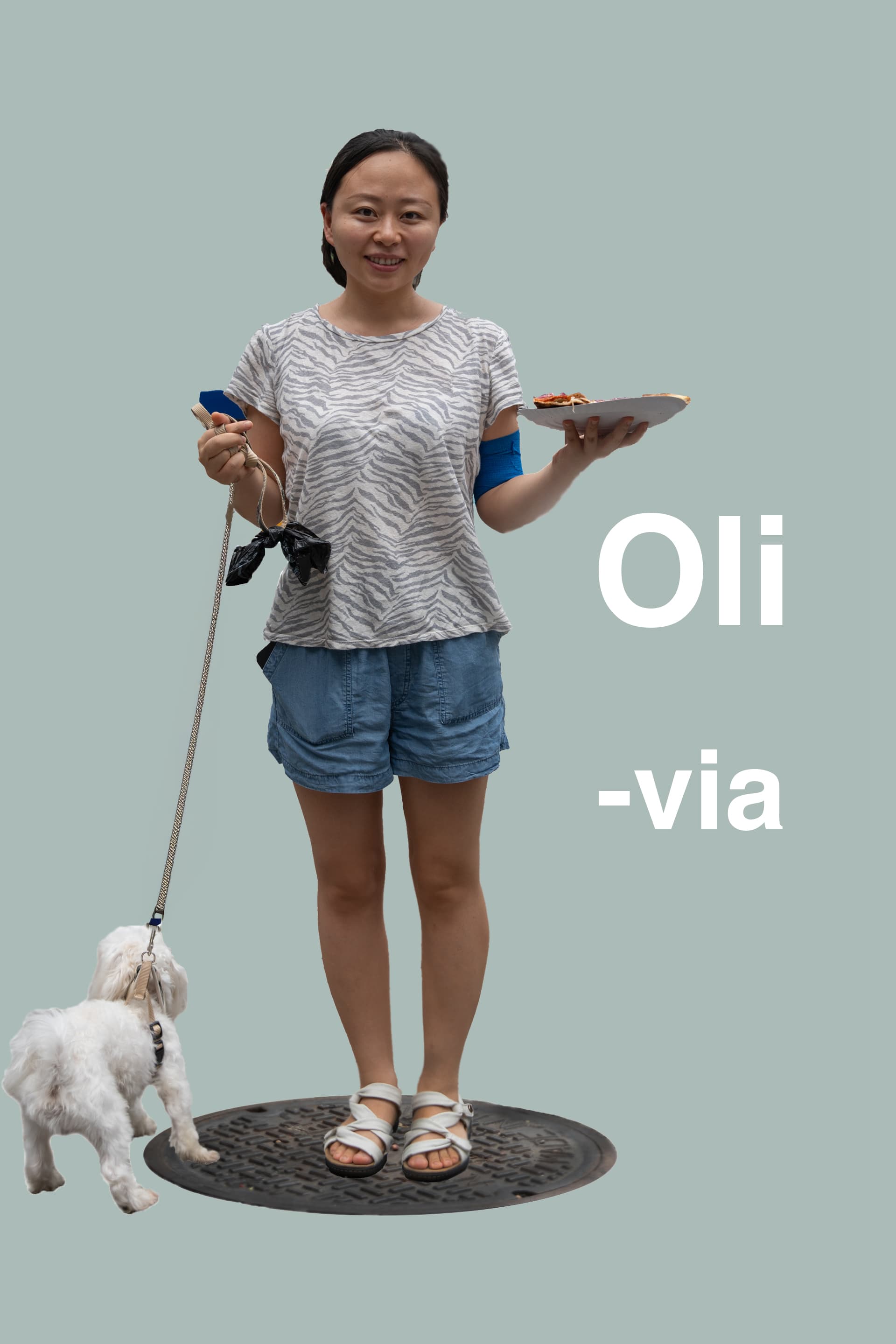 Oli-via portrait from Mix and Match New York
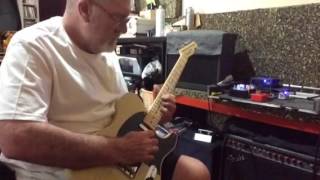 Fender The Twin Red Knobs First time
☆ ☆ ☆ ☆ ☆ ☆ ☆
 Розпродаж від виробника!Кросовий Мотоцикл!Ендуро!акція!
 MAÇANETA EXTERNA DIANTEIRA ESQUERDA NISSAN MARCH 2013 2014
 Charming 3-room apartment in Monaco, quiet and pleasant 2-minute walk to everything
☆ ☆ ☆ ☆ ☆ ☆ ☆
Directions:
Using the listing above, restate exactly the range between the lines holding "Oli-via portrait from Mix and Match New York" and "Fender The Twin Red Knobs First time", inclusive, with pictures left out.

Output of the task:
 Oli-via portrait from Mix and Match New York
 Fender The Twin Red Knobs First time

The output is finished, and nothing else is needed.